### Work item
Write out the listing from the line with "Tennessee lawmakers expelled" to the line with "漂亮的-长腿美女足枷TK-5", both lines included, exactly and nothing beyond. Leave pictures out.

### Data for review
**********

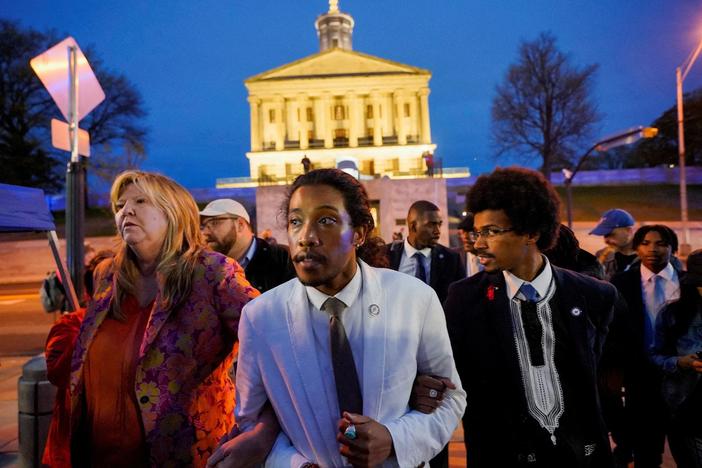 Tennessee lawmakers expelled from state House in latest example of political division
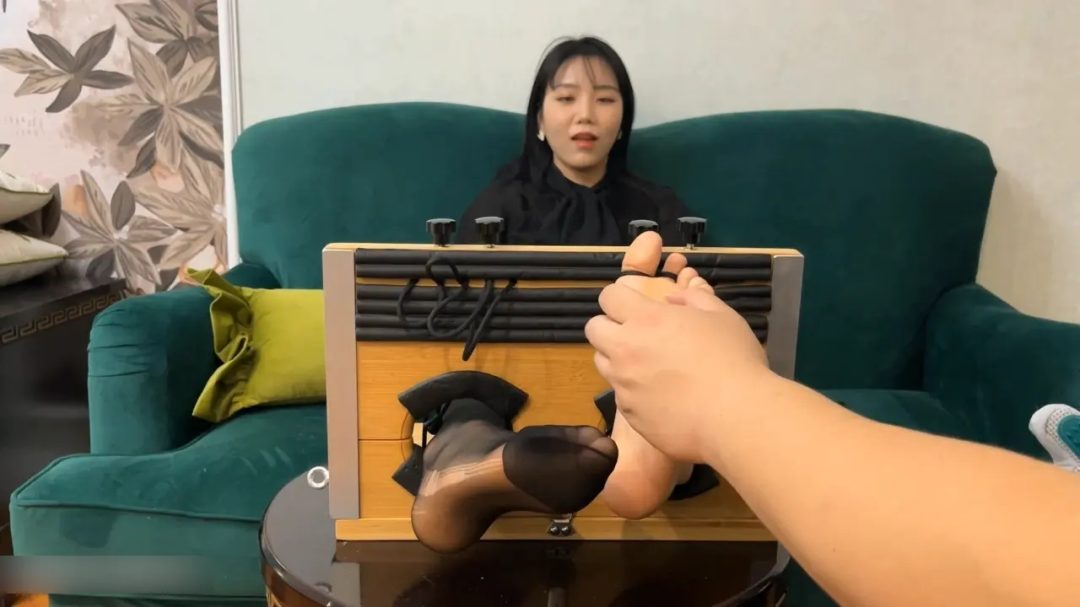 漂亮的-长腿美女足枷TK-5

**********

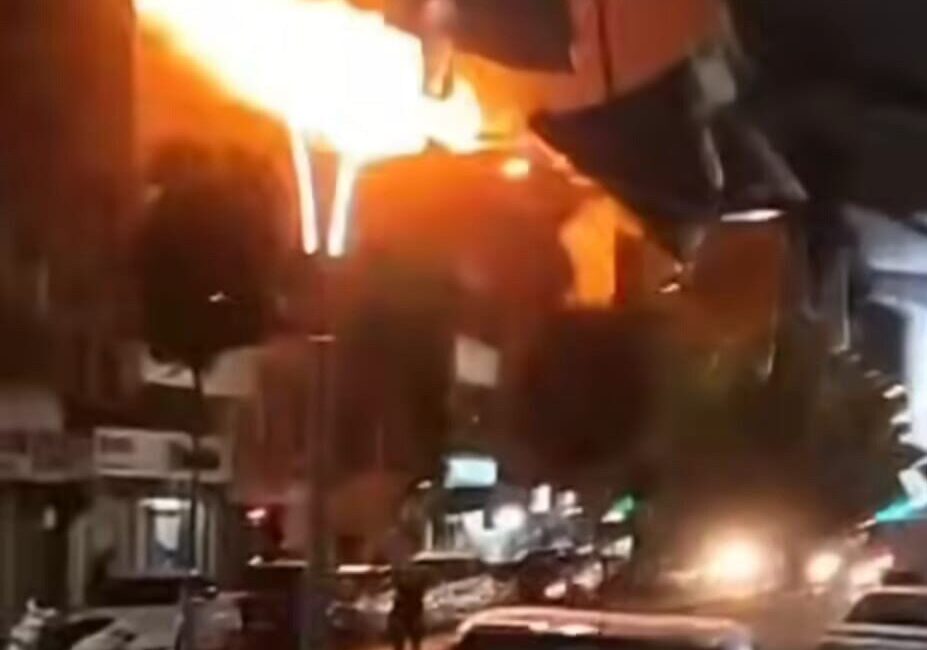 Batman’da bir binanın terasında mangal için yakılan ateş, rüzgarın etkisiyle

**********

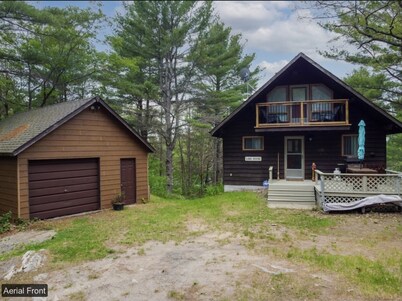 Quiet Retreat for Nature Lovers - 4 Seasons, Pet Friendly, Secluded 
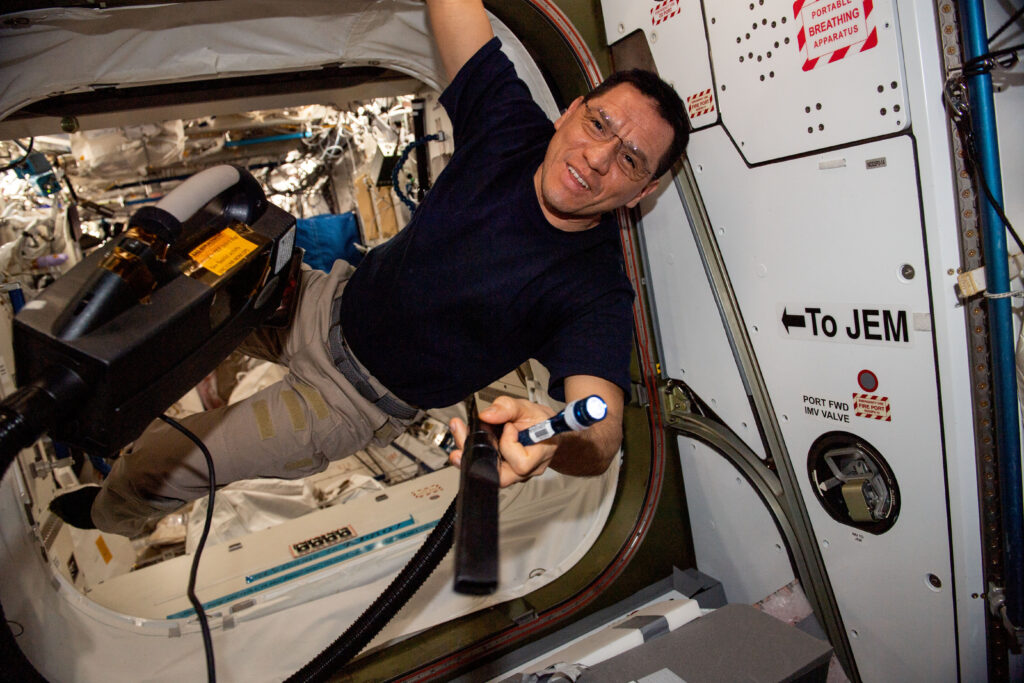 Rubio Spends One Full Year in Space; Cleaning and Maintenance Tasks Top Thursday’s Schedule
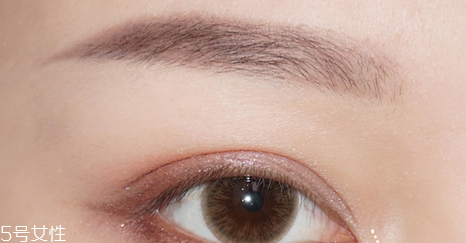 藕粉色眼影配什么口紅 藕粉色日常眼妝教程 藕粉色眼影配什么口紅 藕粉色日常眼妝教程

**********

### The answer
 Tennessee lawmakers expelled from state House in latest example of political division
 漂亮的-长腿美女足枷TK-5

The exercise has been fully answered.